== Aim of the exercise ==
Return exactly the span of lines that opens with the line containing "Habitación de hotel" and closes with the last line of the data, inclusive.

== Entries supplied ==
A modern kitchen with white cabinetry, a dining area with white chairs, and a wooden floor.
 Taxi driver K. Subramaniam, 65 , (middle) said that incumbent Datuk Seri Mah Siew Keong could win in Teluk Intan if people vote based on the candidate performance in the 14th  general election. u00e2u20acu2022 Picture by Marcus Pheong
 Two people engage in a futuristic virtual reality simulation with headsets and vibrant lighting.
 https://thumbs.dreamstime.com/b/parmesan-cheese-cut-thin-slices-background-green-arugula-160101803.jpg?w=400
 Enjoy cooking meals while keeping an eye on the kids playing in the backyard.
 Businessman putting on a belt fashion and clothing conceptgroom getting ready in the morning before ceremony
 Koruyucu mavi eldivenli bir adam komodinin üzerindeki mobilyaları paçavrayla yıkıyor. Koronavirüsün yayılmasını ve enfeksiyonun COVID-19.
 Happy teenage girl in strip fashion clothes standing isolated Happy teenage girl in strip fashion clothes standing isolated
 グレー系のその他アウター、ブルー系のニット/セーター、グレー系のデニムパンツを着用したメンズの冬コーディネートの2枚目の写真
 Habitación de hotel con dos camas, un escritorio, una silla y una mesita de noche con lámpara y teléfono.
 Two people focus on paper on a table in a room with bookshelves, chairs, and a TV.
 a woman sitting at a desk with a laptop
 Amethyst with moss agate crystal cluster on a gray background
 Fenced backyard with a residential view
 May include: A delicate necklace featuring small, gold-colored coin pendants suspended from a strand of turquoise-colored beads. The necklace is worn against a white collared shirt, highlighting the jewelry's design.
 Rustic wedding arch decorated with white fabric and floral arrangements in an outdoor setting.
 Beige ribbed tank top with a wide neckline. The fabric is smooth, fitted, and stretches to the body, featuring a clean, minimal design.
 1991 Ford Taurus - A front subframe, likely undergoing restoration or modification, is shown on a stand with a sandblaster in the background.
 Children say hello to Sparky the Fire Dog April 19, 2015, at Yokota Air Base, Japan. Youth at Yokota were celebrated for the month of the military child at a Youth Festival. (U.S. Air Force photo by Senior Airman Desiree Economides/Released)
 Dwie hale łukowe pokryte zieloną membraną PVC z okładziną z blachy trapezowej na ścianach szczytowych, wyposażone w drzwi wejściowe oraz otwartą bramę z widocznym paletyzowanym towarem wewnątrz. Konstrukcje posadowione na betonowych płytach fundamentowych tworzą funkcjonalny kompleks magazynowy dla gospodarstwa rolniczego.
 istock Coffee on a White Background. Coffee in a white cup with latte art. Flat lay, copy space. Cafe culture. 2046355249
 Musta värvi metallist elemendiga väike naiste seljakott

== Reply to the task ==
 Habitación de hotel con dos camas, un escritorio, una silla y una mesita de noche con lámpara y teléfono.
 Two people focus on paper on a table in a room with bookshelves, chairs, and a TV.
 a woman sitting at a desk with a laptop
 Amethyst with moss agate crystal cluster on a gray background
 Fenced backyard with a residential view
 May include: A delicate necklace featuring small, gold-colored coin pendants suspended from a strand of turquoise-colored beads. The necklace is worn against a white collared shirt, highlighting the jewelry's design.
 Rustic wedding arch decorated with white fabric and floral arrangements in an outdoor setting.
 Beige ribbed tank top with a wide neckline. The fabric is smooth, fitted, and stretches to the body, featuring a clean, minimal design.
 1991 Ford Taurus - A front subframe, likely undergoing restoration or modification, is shown on a stand with a sandblaster in the background.
 Children say hello to Sparky the Fire Dog April 19, 2015, at Yokota Air Base, Japan. Youth at Yokota were celebrated for the month of the military child at a Youth Festival. (U.S. Air Force photo by Senior Airman Desiree Economides/Released)
 Dwie hale łukowe pokryte zieloną membraną PVC z okładziną z blachy trapezowej na ścianach szczytowych, wyposażone w drzwi wejściowe oraz otwartą bramę z widocznym paletyzowanym towarem wewnątrz. Konstrukcje posadowione na betonowych płytach fundamentowych tworzą funkcjonalny kompleks magazynowy dla gospodarstwa rolniczego.
 istock Coffee on a White Background. Coffee in a white cup with latte art. Flat lay, copy space. Cafe culture. 2046355249
 Musta värvi metallist elemendiga väike naiste seljakott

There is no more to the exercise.